This game will be relatively open-ended. However, we will need some organization. This is to keep things goal-focused, give players a sense of accomplishment aside from leveling (which happens very slowly in PbP), and keep the game from just petering out.

_Quests_
As the PCs pick up on hooks and set goals for themselves, these will be organized into _quests_, and the completion of quests will earn additional XP. It is up to the players to decide when a goal is important enough to be considered a quest. You can tell me when you want something to be a quest, and I will occasionally ask you if you want something to be a quest, but I will never railroad you into a quest. You *can* have more than one quest you are working on simultaneously. You can also give up on a quest at any time if it no longer fits in with your goals. You should _not_ spend all of your in-game energies on quests--feel free to spend time just exploring and interacting with the world, too, and just do whatever strikes your fancy.

_Chapters_
Chapters will be equivalent to 'adventures' in some ways. Each chapter will have its own thread, and will end with the completion of a major quest, or during a major transition in the game. Because of the free-form nature of the game, it might not always be obvious when to end a chapter, and this decision will be a collaborative one between the DM and the players. The end of a chapter will serve as a point for the players to consider the 'adventure' successfully completed. The game will continue at that point with a new chapter, but players can choose to bow out at that point if they wish, and it will not disrupt the game as a whole.

Any thoughts on this system?


----------



## Creamsteak (Jan 28, 2008)

I think I'm very likely to forget the Attacks of Opportunity rules, but otherwise everything sounds fine to me.


----------



## Vigwyn the Unruly (Jan 28, 2008)

Creamsteak said:
			
		

> I think I'm very likely to forget the Attacks of Opportunity rules, but otherwise everything sounds fine to me.

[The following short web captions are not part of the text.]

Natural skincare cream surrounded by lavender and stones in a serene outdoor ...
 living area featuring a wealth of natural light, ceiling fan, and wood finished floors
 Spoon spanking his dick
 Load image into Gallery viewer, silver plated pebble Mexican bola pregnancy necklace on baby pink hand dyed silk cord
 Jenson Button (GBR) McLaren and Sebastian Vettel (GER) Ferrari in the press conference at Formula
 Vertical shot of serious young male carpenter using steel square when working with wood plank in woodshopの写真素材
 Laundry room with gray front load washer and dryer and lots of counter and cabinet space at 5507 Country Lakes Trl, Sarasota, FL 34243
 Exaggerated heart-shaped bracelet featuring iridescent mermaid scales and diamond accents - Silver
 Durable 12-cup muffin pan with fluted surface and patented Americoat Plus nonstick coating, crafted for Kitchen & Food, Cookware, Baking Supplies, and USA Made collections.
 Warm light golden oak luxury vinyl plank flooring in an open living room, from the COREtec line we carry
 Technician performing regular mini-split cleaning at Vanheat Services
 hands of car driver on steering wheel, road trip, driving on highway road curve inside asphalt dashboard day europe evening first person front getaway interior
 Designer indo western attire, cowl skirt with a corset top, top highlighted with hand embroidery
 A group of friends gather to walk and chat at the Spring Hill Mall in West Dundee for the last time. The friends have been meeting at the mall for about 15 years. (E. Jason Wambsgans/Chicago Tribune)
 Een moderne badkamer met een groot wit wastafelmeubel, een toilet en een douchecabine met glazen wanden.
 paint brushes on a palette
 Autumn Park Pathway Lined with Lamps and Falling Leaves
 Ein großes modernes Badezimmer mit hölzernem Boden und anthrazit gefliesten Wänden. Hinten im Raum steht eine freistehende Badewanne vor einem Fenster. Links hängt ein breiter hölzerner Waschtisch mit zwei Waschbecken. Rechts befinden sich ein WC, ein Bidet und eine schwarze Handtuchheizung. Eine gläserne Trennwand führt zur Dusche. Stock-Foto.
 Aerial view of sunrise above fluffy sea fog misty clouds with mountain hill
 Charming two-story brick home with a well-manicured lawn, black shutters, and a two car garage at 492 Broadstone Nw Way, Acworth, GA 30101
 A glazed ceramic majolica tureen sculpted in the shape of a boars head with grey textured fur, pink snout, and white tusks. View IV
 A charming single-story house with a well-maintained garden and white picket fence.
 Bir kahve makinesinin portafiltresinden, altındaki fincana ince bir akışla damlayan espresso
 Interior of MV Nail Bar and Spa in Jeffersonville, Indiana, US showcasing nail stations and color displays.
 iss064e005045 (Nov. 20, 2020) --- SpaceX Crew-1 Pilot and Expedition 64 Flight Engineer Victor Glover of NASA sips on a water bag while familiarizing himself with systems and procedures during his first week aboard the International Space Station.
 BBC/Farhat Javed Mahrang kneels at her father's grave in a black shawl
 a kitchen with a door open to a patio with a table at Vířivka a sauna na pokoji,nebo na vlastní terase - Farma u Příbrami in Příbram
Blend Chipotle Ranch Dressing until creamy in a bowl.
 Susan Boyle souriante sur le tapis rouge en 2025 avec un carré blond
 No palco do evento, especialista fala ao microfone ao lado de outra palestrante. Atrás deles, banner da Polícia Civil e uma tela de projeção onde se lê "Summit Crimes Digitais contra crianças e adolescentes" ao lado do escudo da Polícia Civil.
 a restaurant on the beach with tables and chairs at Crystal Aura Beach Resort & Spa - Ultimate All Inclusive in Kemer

That's actually probably a good thing! After all, the purpose of the changes is to make AoO's a _much_ smaller consideration when you plan your actions. Just remember that you still have to think twice about drinking a potion while standing right next to a mad guy with a sword, but more often than not you will get away with it. You can leave the details to me.


----------



## Vigwyn the Unruly (Jan 28, 2008)

*History and Background*

I want your characters to have some common background, so we are going to fast-forward Edgar's life a little bit.

This game will begin in the town of Newport on the west coast. (The entire world is dominated by humans, though isolated and hidden populations of dwarves, elves, and halflings also exist.) More than a hundred years ago, the king sent a lesser Count who had fallen out of favor to this area under the guise of having him supervise the construction of a lighthouse for what was eventually to become a major new port. However, this section of the coast is no good for sea travel, and the disused lighthouse was allowed to fall into ruin. The descendant of the original Count still rules the town, and the current King is perfectly happy to leave him there.

Newport is a small town of approximately 900 permanent residents. The town is surrounded by a simple wooden palisade wall on three sides, and the neglected docks on the coast side.  The Coast Road travels through the town's main north and south gates. It is flagged in the town, but is little more than a simple dirt road outside of town. The narrow plain between the coast and the foothills of the Orc Mountains to the east supports a number of farms and smaller villages. These farms and villages raise the total known population of the County to about 1500. Most of the farms--and the neglected ruin of a lighthouse--lie to the south of the town, which is rolling grassland. Hunters and trappers find most of their quarry to the north, in which direction lies a dense forest. (There are rumors of an elf community in this northern forest... and several have reportedly seen redcaps and other fey there as well.)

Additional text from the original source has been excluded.